According to one variant, the pharmaceutical composition of the invention is in a form suitable for parenteral or bladder administration and suitable for to be administered at a daily pharmaceutical active dosage equal to or greater than 0.1 mg / kg, in particular equal to 0.2 mg / kg for 2, 3 or 4 weeks or at a dosage equal to or greater than 0.3 mg / kg and in particular equal to 0.4 mg / kg for 1 or 2 weeks.

The subject is not limited according to the invention. It may be an uninfected subject or an already infected subject in whom the virus, in particular the polyomavirus and in particular the BK virus, is reactivated or latent. According to an embodiment which can be combined with any one of the embodiments of the invention, the subject is an immunosuppressive subject and in particular a human subject immunosuppressed following an immunosuppressive or immunomodulatory treatment, in particular an immunosuppressive treatment. or immunomodulator which makes it possible to avoid the rejection of a transplant, in particular of a kidney transplant.

The composition of the invention can further comprise any excipient. A person skilled in the art is able to choose an excipient, in particular an excipient as defined in the 21 st edition of Remington, "the Science and practice of Pharmacy". By way of example, the pharmaceutical composition of the invention may contain, whatever its embodiment, at least one excipient chosen from water, lactose, corn or potato starch, dextrose , sorbitol, microcrystalline cellulose, dibasic calcium phosphate hydrate, acacia gum, gelatin, polyvinyl pyrrolidone, glucose, carboxy-methyl cellulose, povidone iodine, talc, stearic acid , calcium stearate, magnesium stearate, polyethylene glycol, surfactants, oils, hydrogenated oils, possibly hydrogenated vegetable oils, waxes, in particular vegetable, colloidal silica, clays, cellulose, starch modified, copolymers, silica gel, activated carbon, hydroxypropylmethyl cellulose, zein, polysaccharides, propylene glycol, aqueous solvents, in particular water, alcohols, acetic acid, acetone, ethyl acetates, ethanol, ci acid teric acid, DMSO, benzyl alcohol, butyl paraben, phenol, ascorbic acid, sodium bisulfate, tocopherols, soy lecithin, EDTA, tartaric acid, sodium alginates.

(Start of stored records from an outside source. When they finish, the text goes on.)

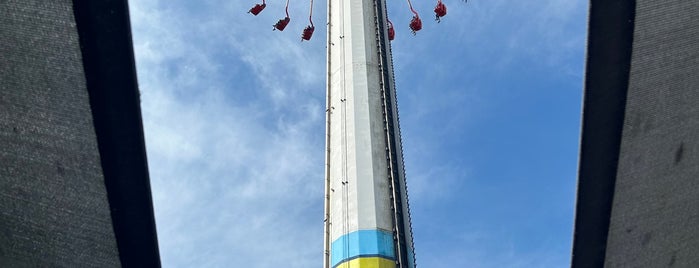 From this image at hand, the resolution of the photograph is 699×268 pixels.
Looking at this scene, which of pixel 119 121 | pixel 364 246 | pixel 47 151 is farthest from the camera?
pixel 364 246

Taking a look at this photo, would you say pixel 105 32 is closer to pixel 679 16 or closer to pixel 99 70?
pixel 99 70

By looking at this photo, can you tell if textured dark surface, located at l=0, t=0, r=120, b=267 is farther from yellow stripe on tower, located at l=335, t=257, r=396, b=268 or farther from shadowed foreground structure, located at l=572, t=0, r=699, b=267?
yellow stripe on tower, located at l=335, t=257, r=396, b=268

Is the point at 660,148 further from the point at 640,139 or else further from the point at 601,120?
the point at 601,120

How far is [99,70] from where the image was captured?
44.2ft

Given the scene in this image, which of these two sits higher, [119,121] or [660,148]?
[119,121]

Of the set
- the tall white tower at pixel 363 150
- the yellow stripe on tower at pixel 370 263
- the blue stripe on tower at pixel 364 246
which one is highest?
the tall white tower at pixel 363 150

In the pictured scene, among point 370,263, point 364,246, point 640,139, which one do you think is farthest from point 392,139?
point 640,139

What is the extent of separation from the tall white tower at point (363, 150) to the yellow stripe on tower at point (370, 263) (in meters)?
0.04

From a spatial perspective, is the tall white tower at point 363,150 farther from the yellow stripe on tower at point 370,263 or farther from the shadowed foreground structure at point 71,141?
the shadowed foreground structure at point 71,141

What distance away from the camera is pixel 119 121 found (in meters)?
13.9

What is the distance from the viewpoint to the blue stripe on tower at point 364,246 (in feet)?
101

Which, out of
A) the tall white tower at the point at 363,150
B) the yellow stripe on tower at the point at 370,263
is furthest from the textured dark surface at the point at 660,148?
the tall white tower at the point at 363,150

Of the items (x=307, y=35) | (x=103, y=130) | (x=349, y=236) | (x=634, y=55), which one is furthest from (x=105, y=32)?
(x=307, y=35)

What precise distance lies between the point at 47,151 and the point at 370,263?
706 inches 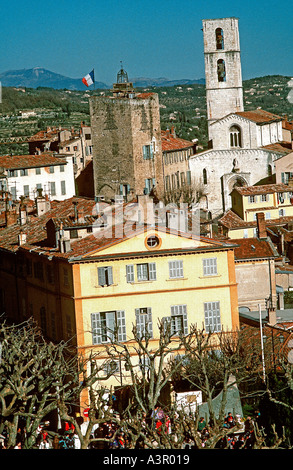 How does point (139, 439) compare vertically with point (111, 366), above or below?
below

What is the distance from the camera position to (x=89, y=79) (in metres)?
61.5

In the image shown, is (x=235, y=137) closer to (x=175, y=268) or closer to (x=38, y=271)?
(x=38, y=271)

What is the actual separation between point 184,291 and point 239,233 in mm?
26349

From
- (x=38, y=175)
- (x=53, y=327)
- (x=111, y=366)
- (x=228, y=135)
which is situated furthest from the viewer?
(x=228, y=135)

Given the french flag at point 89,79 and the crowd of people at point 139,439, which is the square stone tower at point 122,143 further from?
the crowd of people at point 139,439

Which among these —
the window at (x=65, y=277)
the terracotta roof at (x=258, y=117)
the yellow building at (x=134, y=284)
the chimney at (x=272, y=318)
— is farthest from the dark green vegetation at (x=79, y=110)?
the chimney at (x=272, y=318)

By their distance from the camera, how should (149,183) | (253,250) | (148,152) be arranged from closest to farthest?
(253,250) → (149,183) → (148,152)

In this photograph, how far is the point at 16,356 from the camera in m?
26.5

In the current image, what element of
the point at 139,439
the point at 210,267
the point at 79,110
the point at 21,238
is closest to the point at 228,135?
the point at 21,238

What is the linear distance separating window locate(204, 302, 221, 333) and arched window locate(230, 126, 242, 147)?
1954 inches

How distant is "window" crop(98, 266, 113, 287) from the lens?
1251 inches

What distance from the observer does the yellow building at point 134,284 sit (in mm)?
31484

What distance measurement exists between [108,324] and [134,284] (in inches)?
61.1

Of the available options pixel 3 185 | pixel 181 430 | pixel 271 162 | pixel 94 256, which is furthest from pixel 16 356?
pixel 271 162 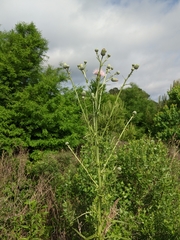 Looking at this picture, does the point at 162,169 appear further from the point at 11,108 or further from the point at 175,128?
the point at 175,128

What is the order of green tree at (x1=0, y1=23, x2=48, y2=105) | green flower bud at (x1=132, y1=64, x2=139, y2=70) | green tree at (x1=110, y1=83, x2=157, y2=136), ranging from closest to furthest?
green flower bud at (x1=132, y1=64, x2=139, y2=70), green tree at (x1=0, y1=23, x2=48, y2=105), green tree at (x1=110, y1=83, x2=157, y2=136)

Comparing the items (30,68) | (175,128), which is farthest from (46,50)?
(175,128)

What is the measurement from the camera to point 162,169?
3.24 meters

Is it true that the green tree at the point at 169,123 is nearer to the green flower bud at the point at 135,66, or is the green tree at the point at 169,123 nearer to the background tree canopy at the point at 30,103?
the background tree canopy at the point at 30,103

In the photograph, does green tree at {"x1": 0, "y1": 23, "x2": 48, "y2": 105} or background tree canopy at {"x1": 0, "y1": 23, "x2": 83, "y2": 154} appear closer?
background tree canopy at {"x1": 0, "y1": 23, "x2": 83, "y2": 154}

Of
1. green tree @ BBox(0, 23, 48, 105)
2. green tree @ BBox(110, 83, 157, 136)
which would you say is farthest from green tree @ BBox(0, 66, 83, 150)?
green tree @ BBox(110, 83, 157, 136)

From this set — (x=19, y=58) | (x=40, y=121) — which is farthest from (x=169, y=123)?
(x=19, y=58)

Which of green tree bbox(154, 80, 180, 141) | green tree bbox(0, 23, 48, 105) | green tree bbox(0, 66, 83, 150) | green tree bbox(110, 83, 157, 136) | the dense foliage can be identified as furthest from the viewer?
green tree bbox(110, 83, 157, 136)

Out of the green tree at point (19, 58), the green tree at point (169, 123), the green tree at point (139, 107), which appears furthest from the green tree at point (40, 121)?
the green tree at point (139, 107)

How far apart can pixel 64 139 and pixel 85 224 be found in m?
6.23

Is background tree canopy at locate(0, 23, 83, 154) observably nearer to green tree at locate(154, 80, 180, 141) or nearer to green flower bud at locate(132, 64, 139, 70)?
green tree at locate(154, 80, 180, 141)

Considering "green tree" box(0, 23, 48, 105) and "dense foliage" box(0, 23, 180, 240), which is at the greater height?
"green tree" box(0, 23, 48, 105)

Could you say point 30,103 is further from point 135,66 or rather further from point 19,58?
point 135,66

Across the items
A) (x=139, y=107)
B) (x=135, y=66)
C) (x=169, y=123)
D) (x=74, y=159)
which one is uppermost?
(x=139, y=107) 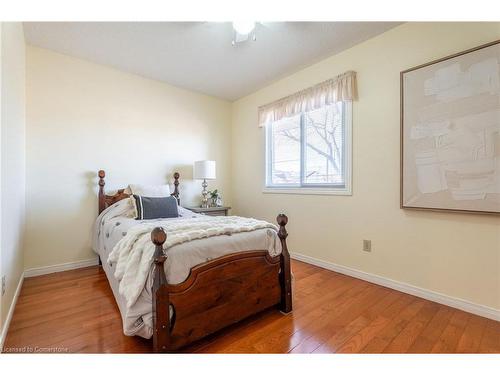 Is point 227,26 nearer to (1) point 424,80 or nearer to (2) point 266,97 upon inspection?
(2) point 266,97

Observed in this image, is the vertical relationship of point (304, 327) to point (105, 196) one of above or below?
below

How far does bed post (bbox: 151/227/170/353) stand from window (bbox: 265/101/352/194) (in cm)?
209

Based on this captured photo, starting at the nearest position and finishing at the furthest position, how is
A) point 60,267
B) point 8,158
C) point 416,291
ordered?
point 8,158, point 416,291, point 60,267

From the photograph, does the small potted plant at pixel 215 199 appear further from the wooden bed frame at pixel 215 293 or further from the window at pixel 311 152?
the wooden bed frame at pixel 215 293

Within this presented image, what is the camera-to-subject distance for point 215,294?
4.78 feet

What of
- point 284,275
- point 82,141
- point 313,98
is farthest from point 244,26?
point 82,141

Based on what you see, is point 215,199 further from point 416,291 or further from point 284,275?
point 416,291

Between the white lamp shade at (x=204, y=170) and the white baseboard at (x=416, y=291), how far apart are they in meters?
1.80

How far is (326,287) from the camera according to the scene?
231 cm

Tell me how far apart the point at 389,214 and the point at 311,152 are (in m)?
1.18

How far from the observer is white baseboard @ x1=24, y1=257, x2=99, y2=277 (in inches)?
100

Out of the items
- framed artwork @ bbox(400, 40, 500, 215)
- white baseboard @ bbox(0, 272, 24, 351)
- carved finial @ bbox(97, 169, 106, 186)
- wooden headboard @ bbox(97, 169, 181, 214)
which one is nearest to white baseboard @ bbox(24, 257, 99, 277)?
white baseboard @ bbox(0, 272, 24, 351)

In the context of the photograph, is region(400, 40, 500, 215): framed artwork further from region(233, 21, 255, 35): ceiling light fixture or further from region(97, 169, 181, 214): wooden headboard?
region(97, 169, 181, 214): wooden headboard

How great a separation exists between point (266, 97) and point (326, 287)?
8.86 ft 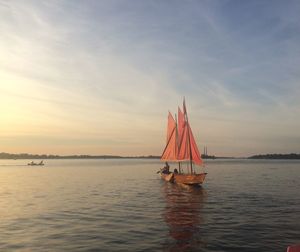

In particular, the composition of the invention can comprise DMSO as excipient and be provided in liquid form. The solubility of the major part of the compounds in this excipient is such that the required doses allow a dissolves at low, non-toxic concentrations of DMSO (<1 ° L ·). The composition of the invention can also be suitable for oral administration and not comprise any excipient.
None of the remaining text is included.